* TASK TO CARRY OUT:
Leaving the pictures aside, reproduce the data in full and word for word.

* PROVIDED INFORMATION:
■ ■ ■ ■ ■ ■ ■

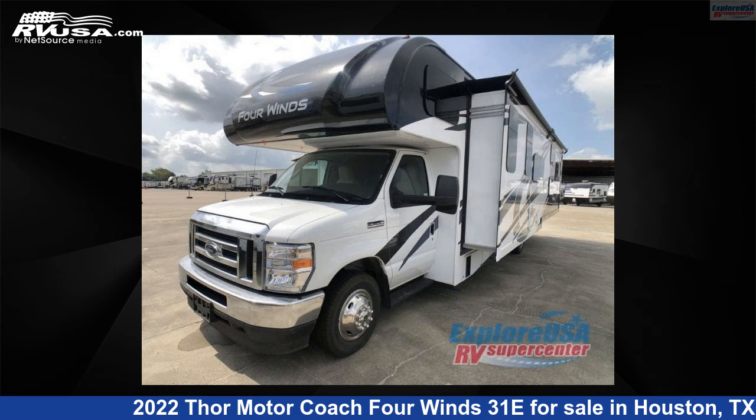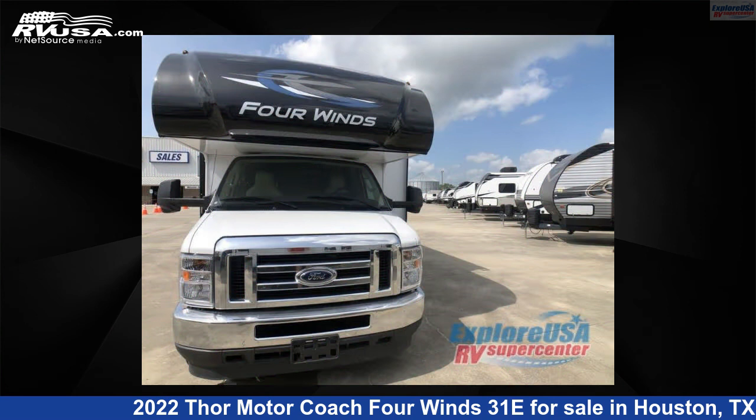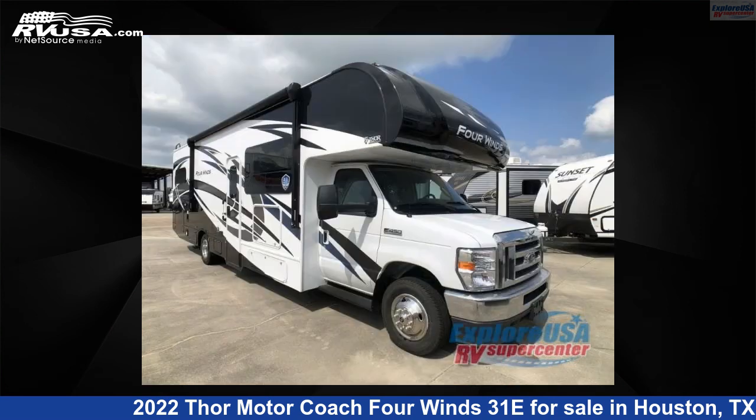This 2022 Thor Motor Coach 4 Wins 31E is a Class C RV. It is located in Houston, Texas 77511 and is offered for sale by Explore USA RV Supercenter, Houston.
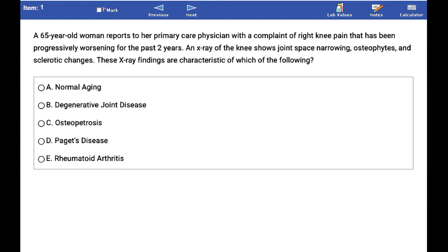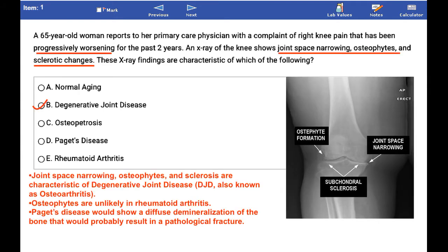The correct answer is B, degenerative joint disease. Joint space narrowing, osteophytes, and sclerosis are characteristic of degenerative joint disease.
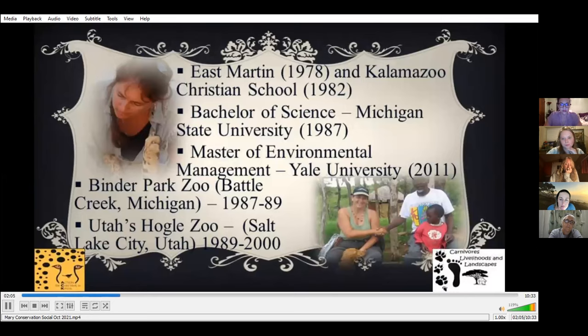My first full-time job after graduation was as a zookeeper in Michigan. I later moved to Utah where zookeeper positions were not open, and I worked in the food service department to get my foot in the door. A position opened in the exhibit design department where I soon realized I could use my animal behavior skills to improve the lives of zoo animals and also educate and raise awareness for animals in the wild.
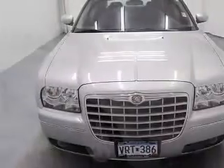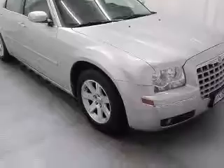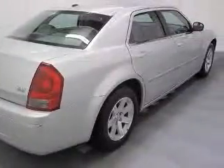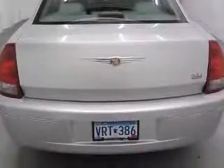Heated front seats, power front driver and passenger seats, four-wheel ABS brakes, eight-way power adjustable driver seat, air conditioning, alloy wheels, CD player auxiliary jack, center console with full covered storage.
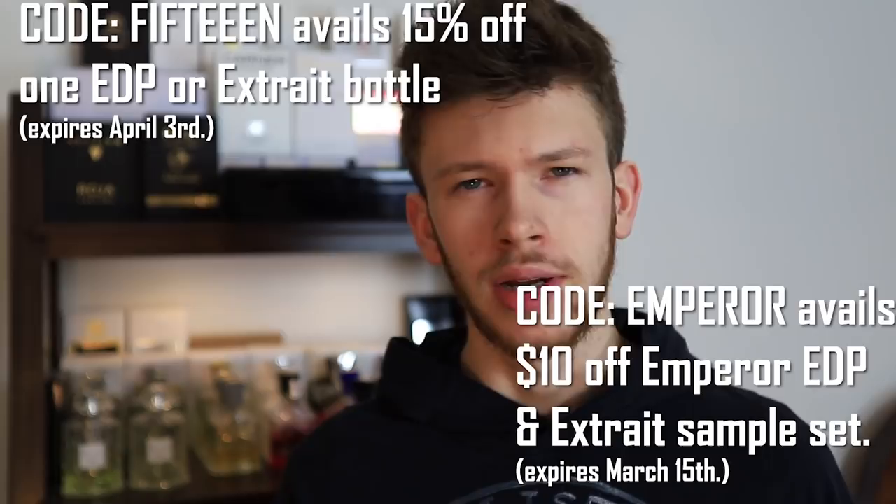Overall, that is my review on Parfums Vintage Emperor Extrait and Emperor. Make sure if you're interested in picking either of these up — whether samples or bottles — check out those coupon codes I listed earlier. They're only going to be available for a limited time, so now's the time to do it. If you enjoyed it, don't forget to leave a like, subscribe, and turn on post notifications so you don't miss what I post. That's it for this video — I'll see you in the next one. Peace out.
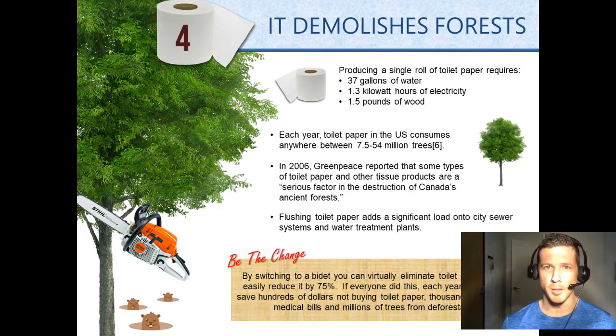Reason number four to ditch toilet paper: it demolishes forests. Producing a single roll of toilet paper requires 37 gallons of water, 1.3 kilowatt hours of electricity, and 1.5 pounds of wood.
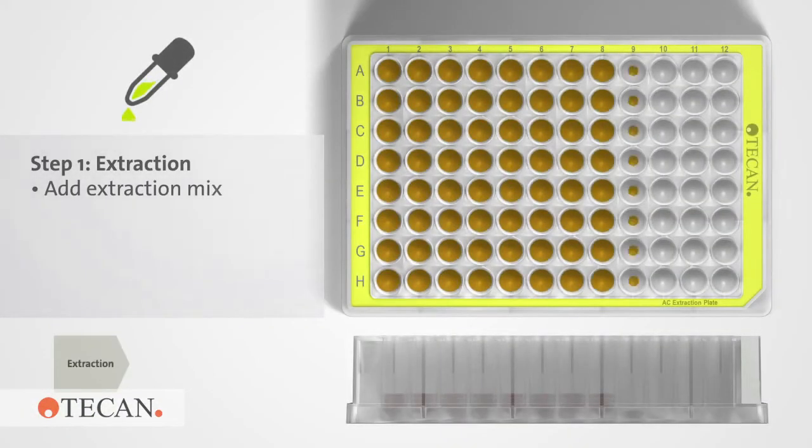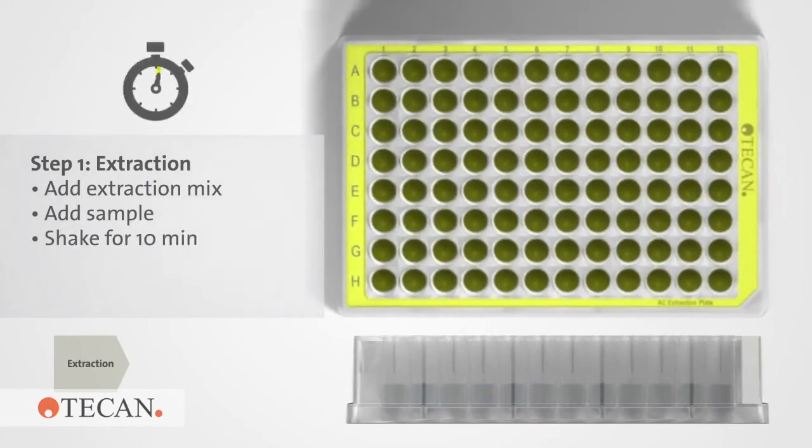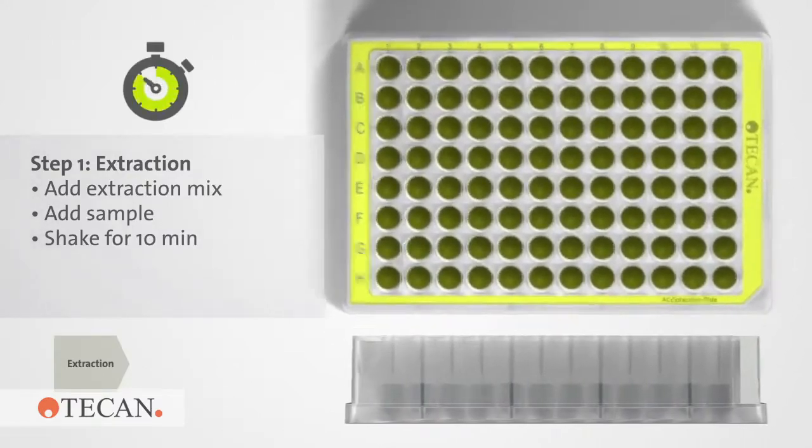With the AC plate, we're able to drop that down to about 30 minutes, and it's a completely automated workflow. So it's really changing the way we're working, and it's ultimately going to be able to provide clinicians with the results they require in a quicker way.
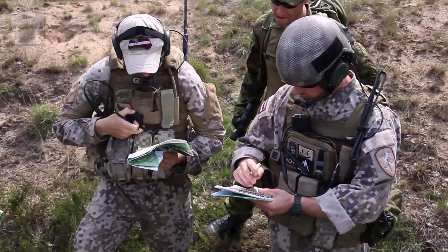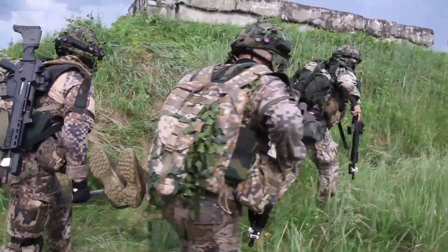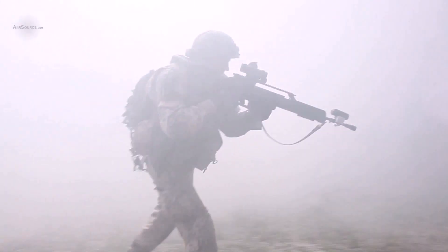In preparation for the main field training exercise, nations participating in Saber Strike will rotate through each of the four ongoing situational training lanes. Reporting from Adaži, Latvia, I'm Tech Sergeant Burt Treanor.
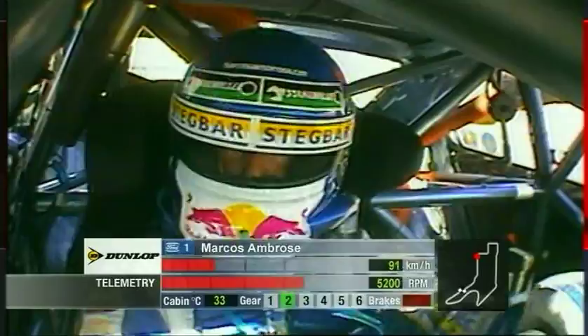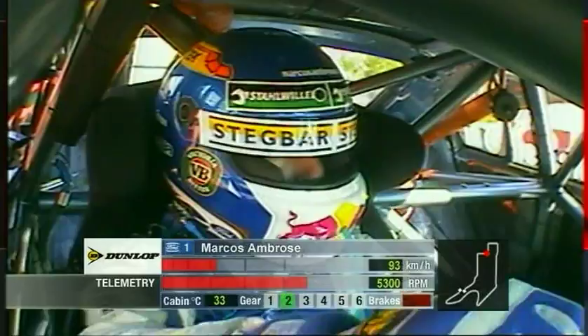Rev limiter in second gear. East Terrace, turn five — bumps. Rev limiter at 7,500 RPM. Use the curb on the right, then slip up over the curb on the left.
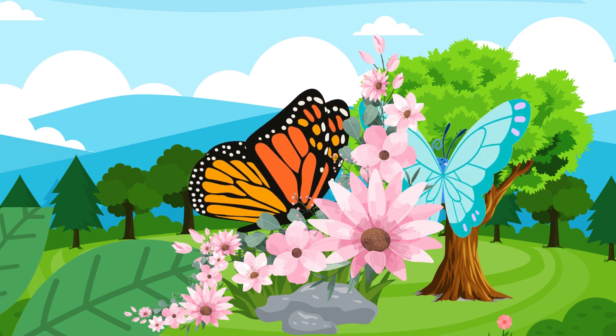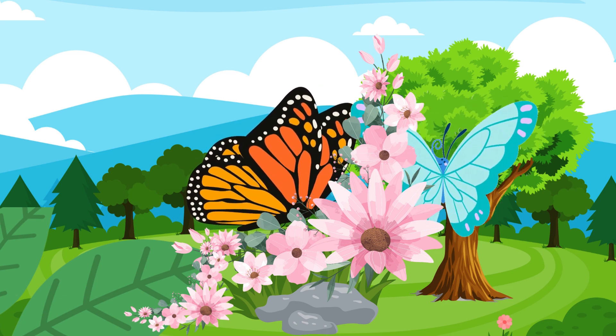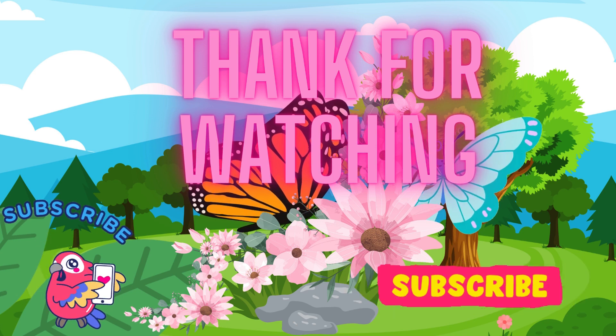Isn't the life cycle of a butterfly amazing? From a tiny egg to a beautiful butterfly, it's a magical journey. Thanks for joining us today, friends. See you next time for another exciting adventure. Please don't forget to like and subscribe.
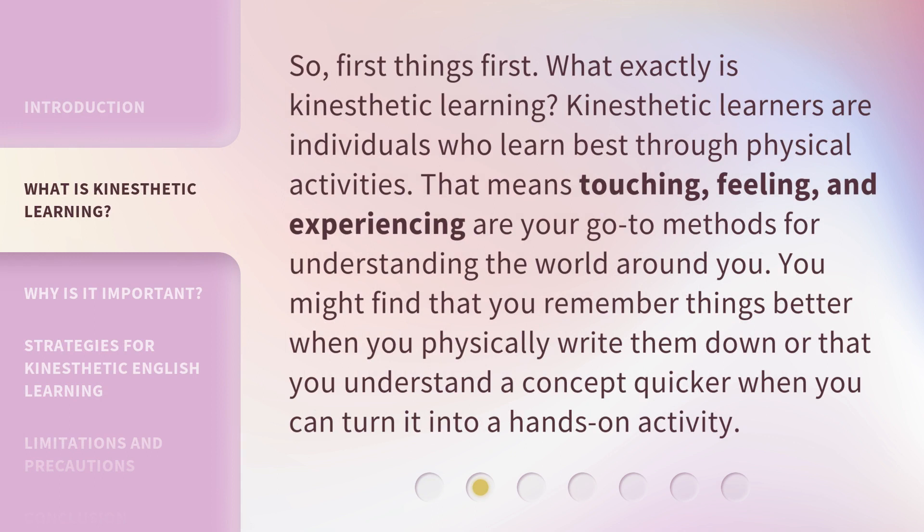So, first things first. What exactly is kinesthetic learning? Kinesthetic learners are individuals who learn best through physical activities. That means touching, feeling, and experiencing are your go-to methods for understanding the world around you. You might find that you remember things better when you physically write them down, or that you understand a concept quicker when you can turn it into a hands-on activity.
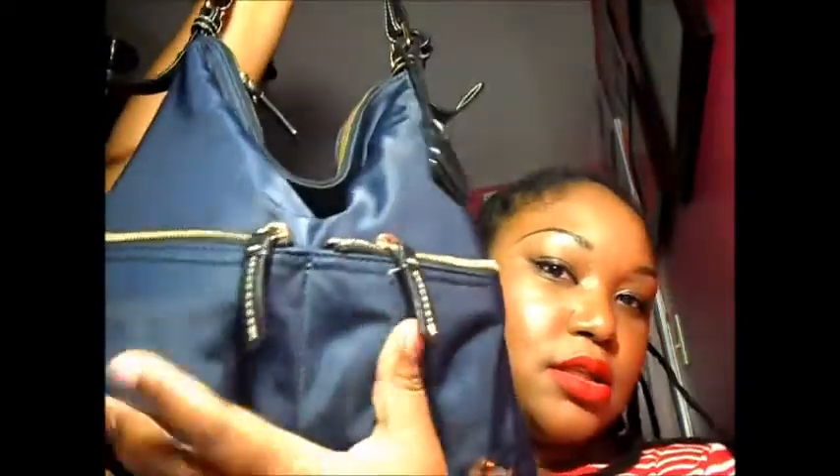So it's a heavy one, so this is it. It's a Dooney and Bourke purse with a simple strap, two front pockets, and a key ring holder that's attached. And then it's bright pink inside. So let's get into it — I'm gonna start off right here in the front two pockets.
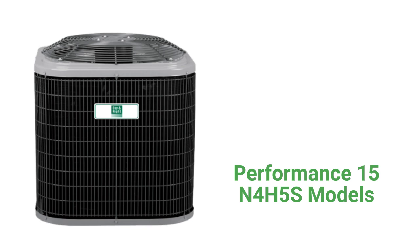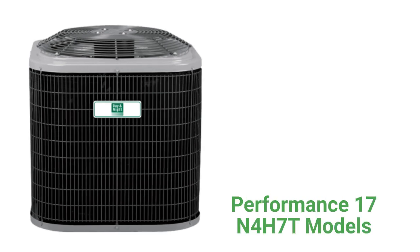The Performance Series N4H5S is a basic heat pump that produces about as much noise as a normal conversation. The N4H7T is a premium heat pump with sound-reducing features such as a compressor blanket and quiet shift technology when going into defrost mode. The unit has a two-stage compressor for longer heating and cooling cycles, but only a standard single-speed condenser fan motor.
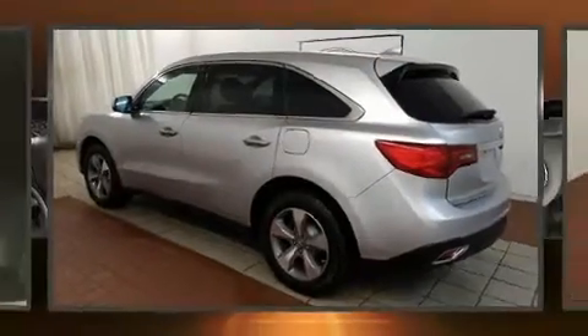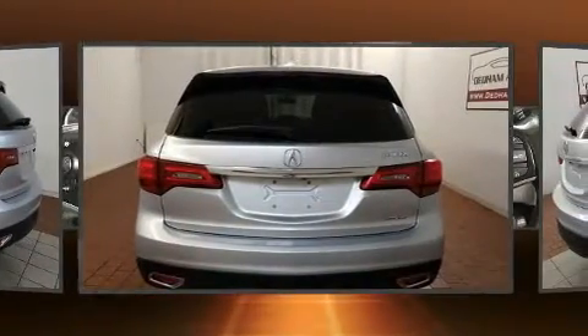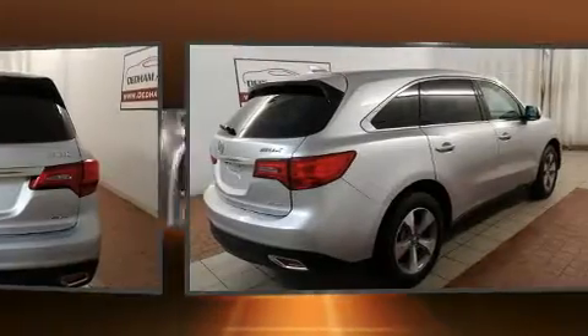Take command of the road in the 2015 Acura MDX. With less than 30,000 miles on the odometer, this four-door sport utility vehicle prioritizes comfort, safety, and convenience.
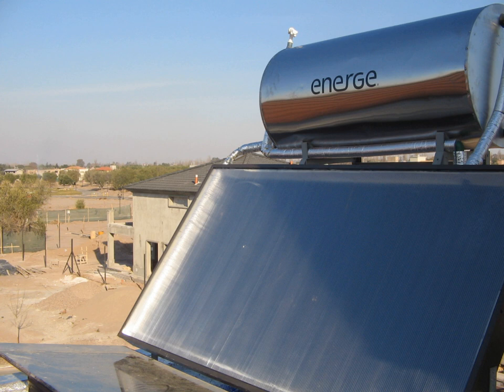The principal advantage of CSP is the ability to efficiently add thermal storage, allowing the dispatching of electricity over up to a 24-hour period. Since peak electricity demand typically occurs between about 4 and 8 pm, many CSP power plants use 3 to 5 hours of thermal storage. With current technology, storage of heat is much cheaper and more efficient than storage of electricity, allowing the CSP plant to produce electricity day and night. If the CSP site has predictable solar radiation, then the CSP plant becomes a reliable power plant.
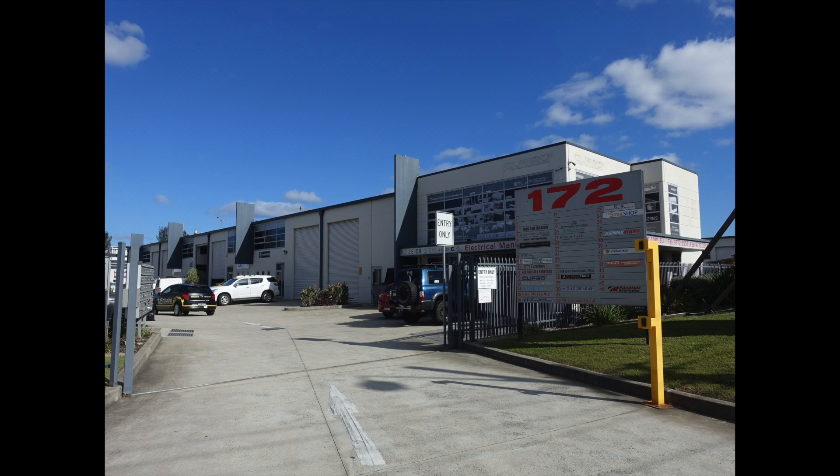This week on Getting Complex with M5 is 172 Milperra Road, Milperra.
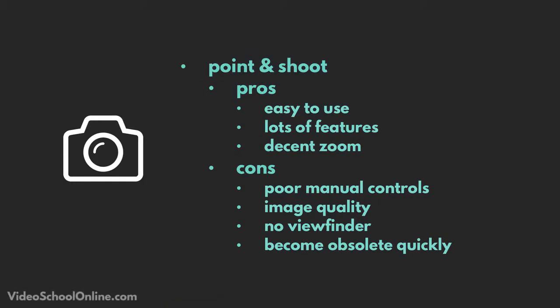You now have waterproof cameras, you now have amazing zooms built into your camera, and it's really pretty interesting what they've done with this market. If you're looking for something that's all-in-one and you don't want to deal with other lenses, it's a good starting point to get into photography.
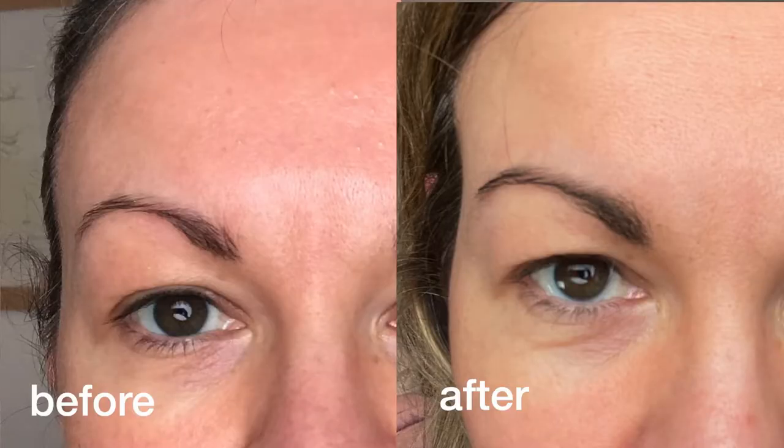Morning and night you apply it, let it dry in, then put moisturizer or foundation on during the day. Cutting to the chase — a couple of months on, let me show you the before and after side by side. I would say I've got thicker-looking brows.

■ ■ ■ ■ ■ ■ ■

* TASK SOLUTION:
This 2022 Thor Motor Coach 4 Wins 31E is a Class C RV. It is located in Houston, Texas 77511 and is offered for sale by Explore USA RV Supercenter, Houston.
The correct answer is B, degenerative joint disease. Joint space narrowing, osteophytes, and sclerosis are characteristic of degenerative joint disease.
My first full-time job after graduation was as a zookeeper in Michigan. I later moved to Utah where zookeeper positions were not open, and I worked in the food service department to get my foot in the door. A position opened in the exhibit design department where I soon realized I could use my animal behavior skills to improve the lives of zoo animals and also educate and raise awareness for animals in the wild.
Heated front seats, power front driver and passenger seats, four-wheel ABS brakes, eight-way power adjustable driver seat, air conditioning, alloy wheels, CD player auxiliary jack, center console with full covered storage.
Overall, that is my review on Parfums Vintage Emperor Extrait and Emperor. Make sure if you're interested in picking either of these up — whether samples or bottles — check out those coupon codes I listed earlier. They're only going to be available for a limited time, so now's the time to do it. If you enjoyed it, don't forget to leave a like, subscribe, and turn on post notifications so you don't miss what I post. That's it for this video — I'll see you in the next one. Peace out.
Reason number four to ditch toilet paper: it demolishes forests. Producing a single roll of toilet paper requires 37 gallons of water, 1.3 kilowatt hours of electricity, and 1.5 pounds of wood.
With the AC plate, we're able to drop that down to about 30 minutes, and it's a completely automated workflow. So it's really changing the way we're working, and it's ultimately going to be able to provide clinicians with the results they require in a quicker way.
In preparation for the main field training exercise, nations participating in Saber Strike will rotate through each of the four ongoing situational training lanes. Reporting from Adaži, Latvia, I'm Tech Sergeant Burt Treanor.
Rev limiter in second gear. East Terrace, turn five — bumps. Rev limiter at 7,500 RPM. Use the curb on the right, then slip up over the curb on the left.
Isn't the life cycle of a butterfly amazing? From a tiny egg to a beautiful butterfly, it's a magical journey. Thanks for joining us today, friends. See you next time for another exciting adventure. Please don't forget to like and subscribe.
So, first things first. What exactly is kinesthetic learning? Kinesthetic learners are individuals who learn best through physical activities. That means touching, feeling, and experiencing are your go-to methods for understanding the world around you. You might find that you remember things better when you physically write them down, or that you understand a concept quicker when you can turn it into a hands-on activity.
So it's a heavy one, so this is it. It's a Dooney and Bourke purse with a simple strap, two front pockets, and a key ring holder that's attached. And then it's bright pink inside. So let's get into it — I'm gonna start off right here in the front two pockets.
The Performance Series N4H5S is a basic heat pump that produces about as much noise as a normal conversation. The N4H7T is a premium heat pump with sound-reducing features such as a compressor blanket and quiet shift technology when going into defrost mode. The unit has a two-stage compressor for longer heating and cooling cycles, but only a standard single-speed condenser fan motor.
Take command of the road in the 2015 Acura MDX. With less than 30,000 miles on the odometer, this four-door sport utility vehicle prioritizes comfort, safety, and convenience.
The principal advantage of CSP is the ability to efficiently add thermal storage, allowing the dispatching of electricity over up to a 24-hour period. Since peak electricity demand typically occurs between about 4 and 8 pm, many CSP power plants use 3 to 5 hours of thermal storage. With current technology, storage of heat is much cheaper and more efficient than storage of electricity, allowing the CSP plant to produce electricity day and night. If the CSP site has predictable solar radiation, then the CSP plant becomes a reliable power plant.
This week on Getting Complex with M5 is 172 Milperra Road, Milperra.
You now have waterproof cameras, you now have amazing zooms built into your camera, and it's really pretty interesting what they've done with this market. If you're looking for something that's all-in-one and you don't want to deal with other lenses, it's a good starting point to get into photography.
Morning and night you apply it, let it dry in, then put moisturizer or foundation on during the day. Cutting to the chase — a couple of months on, let me show you the before and after side by side. I would say I've got thicker-looking brows.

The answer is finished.